There are some limitations. The power of the Director is never sufficiently addressed, and whilst there is an assumption that the Director guides, in some of the text they are provocateurs, in others they are not. When dealing with oppression and power dynamics, especially as a form of therapy I don't think this book remotely addresses this challenge, and the influence the Director has.
Also, I think it would take a skilled facilitator and for those supporting this activity to be either skilled in drama and facilitation and also co-design. A lot of groups would need a lot of work to get to a point where they would be in a trusting and safe place to undertake these techniques. I personally don't feel they are safe in unskilled hands (like mine).
Interesting, for sure. Thought provoking, definitely. Usability - not really.
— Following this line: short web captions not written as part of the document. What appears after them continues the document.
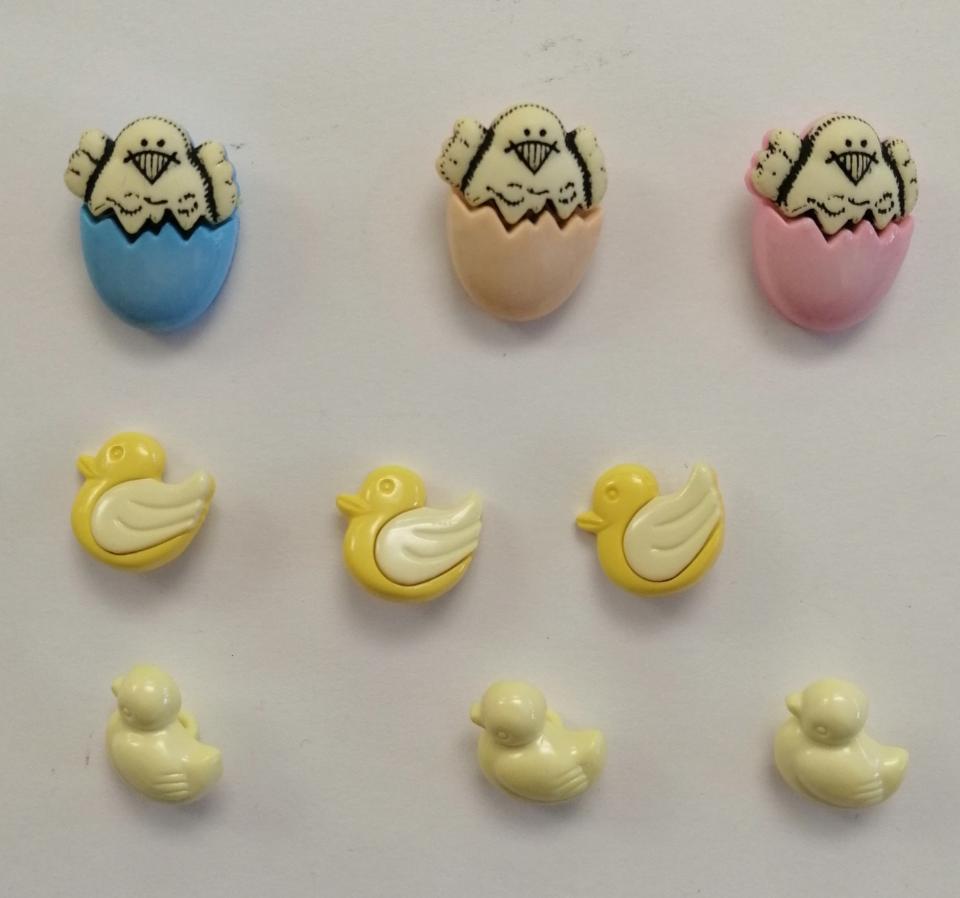 Copia di Bottoni decorativi in resina soggetti baby Stafil busta da 9  pezzi 2,5 cm x 2 cm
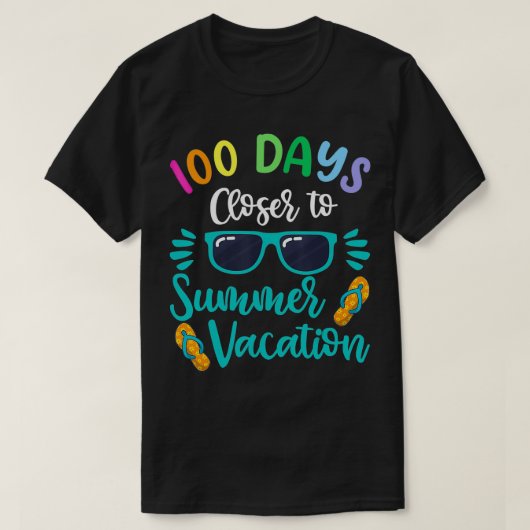 100日の学校先生キッズサマーバケーション Tシャツ (デザイン正面)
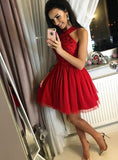 Cute A-Line Straps Red Homecoming Dress,Sleeveless Short Prom Dress With Sequins OK472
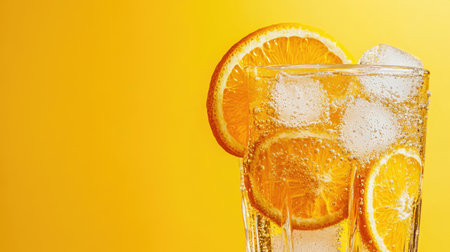 Enjoy a vibrant glass of homemade orange lemonade featuring fresh citrus slices and bubbles. Perfect for summer gatherings and refreshing hydration.の素材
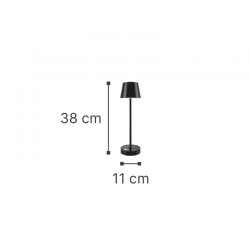 it-Lighting Tahoe Rechargeable LED 2W 3CCT Touch Table Lamp Black D38cmx11cm (80100210)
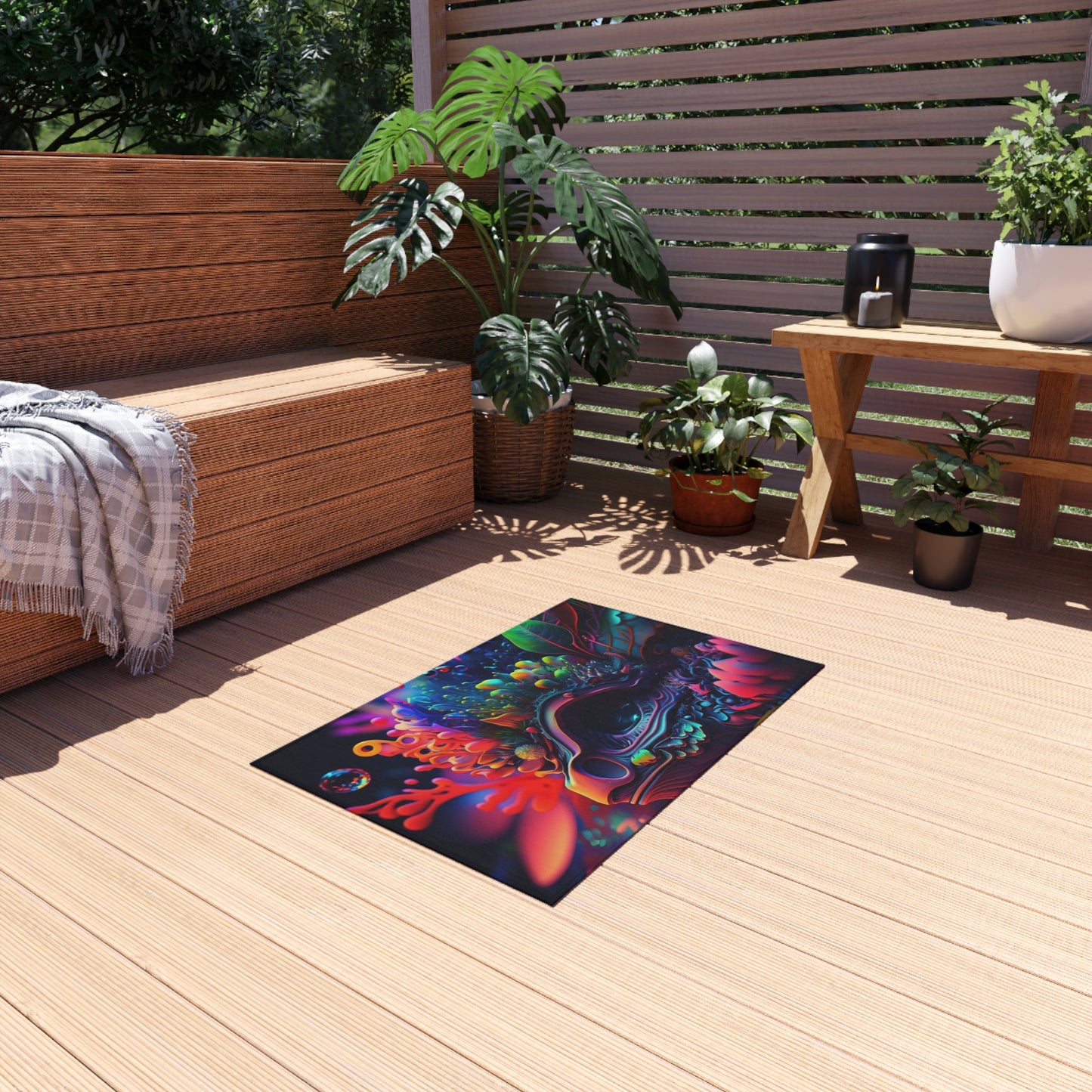 Outdoor Rug  Florescent Skull Death 2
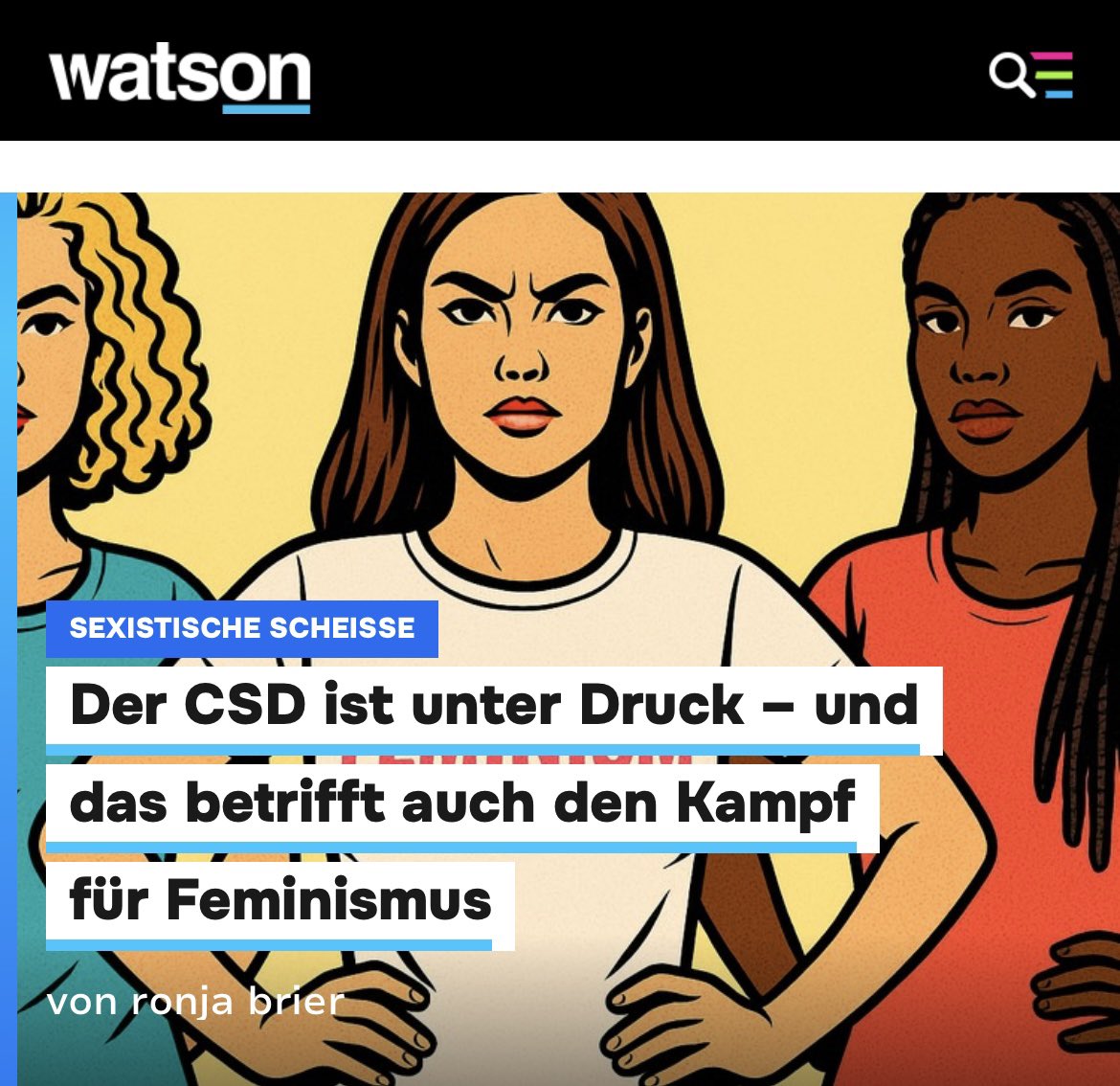 Viele haben das Gefühl, bei Gleichberechtigung erleben wir gerade einen Backlash. Anzeichen gibt es viele. Hoffnung macht mir: Zu viele kluge und emanzipierte Frauen lassen das nicht mit sich machen: mehr <a href="/watson_de/">watson</a> in meiner Kolumne „Sexistische Scheiße“: watson.de/!712678781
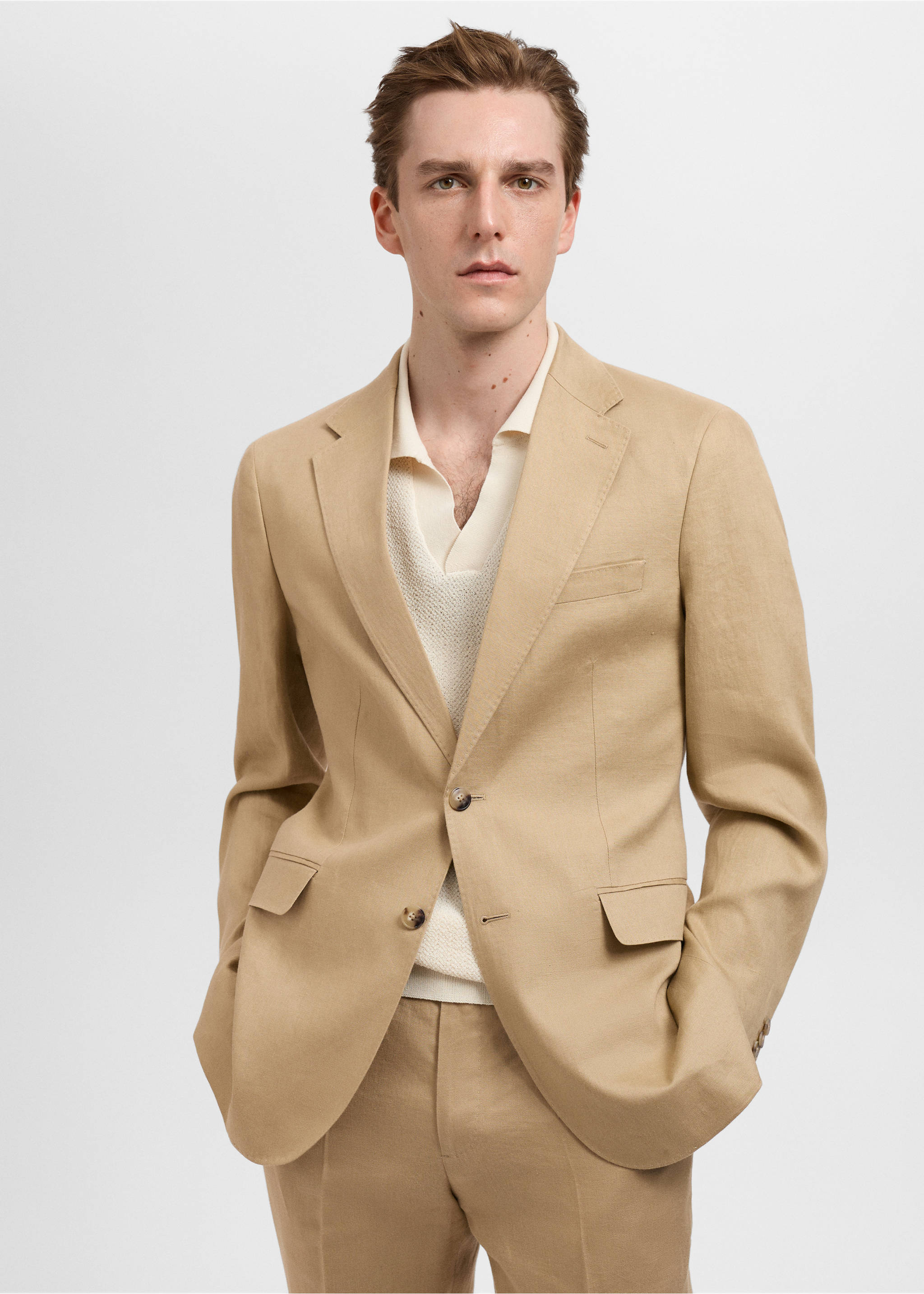 Amalfi 100% linen slim-fit suit jacket - Medium plane, Beige. Ref: 87075920-00.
Adrian Jackson brilliantly translates Boal's complex, philosophical masterpiece on theatre, personage, and oppression. Boal relies heavily on devised words (like spect-actor), connotations, and metaphor, and Jackson captures these for the English speaking reader. Boal's book is more than just an explanation of the techniques of image theatre [especially Rainbow of Desire and The Cop in the Head, my personal two favorites]. The first third sets the beautiful foundation of humanity's interactions with and observations of self since the birth of consciousness, which is the basis for the creation of this new type of theatre, the Theatre of the Oppressed.